1
votes

I have an Azure durable function project where I'm working with relatively big CSV files. I have two trigger functions:


  • One trigger function needs to get a file from Azure Blob Storage, where that file is over 100MB, and It needs to make smaller chunks and put them in Azure Blob Storage (on different blob directory)

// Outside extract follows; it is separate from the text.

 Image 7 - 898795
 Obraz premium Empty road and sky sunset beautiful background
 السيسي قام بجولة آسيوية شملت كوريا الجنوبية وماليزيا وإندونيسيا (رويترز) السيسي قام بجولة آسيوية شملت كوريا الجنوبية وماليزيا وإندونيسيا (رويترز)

    This is the trigger orchestration function

[FunctionName(nameof(FileChunkerOrchestration))]
public async Task Run(
  [OrchestrationTrigger] IDurableOrchestrationContext context, 
  ILogger log)
{
  var blobName = context.GetInput<string>();  
  var chunkCounter = await context.CallActivityAsync<int>(nameof(FileChunkerActivity), blobName);
}

This is the activity function

[StorageAccount("AzureWebJobsStorage")]
[FunctionName(nameof(FileChunkerActivity))]
public async Task<int> Run(
  [ActivityTrigger]IDurableActivityContext context,
  string fileName,
  [Blob("vessel-container/csv-files/{fileName}.csv", FileAccess.Read)]TextReader blob,
  [Blob("vessel-container/csv-chunks", FileAccess.Write)] CloudBlobContainer container)
{
  // Uses TextReader blob to create chunk files 
  // Then stores chunk by chunk (as soon as one chunk is created then it's being uploaded to Blob storage) in CloudBlobContainer container
}

  • The second trigger function gets triggered on each and every chunks that have been created
[StorageAccount("AzureWebJobsStorage")]
[FunctionName(nameof(FileTrigger))]
public async Task Run(
  [DurableClient] IDurableClient starter,  
  [BlobTrigger("vessel-container/csv-chunks/{name}.csv")] Stream blob,
  string name,
  ILogger log)
{
  // Here the processing chunk files start            
}

The problem I'm having is that the second function triggers every and each CSV chunk files and starts to run in parallel which leads my project to use too many available RAM.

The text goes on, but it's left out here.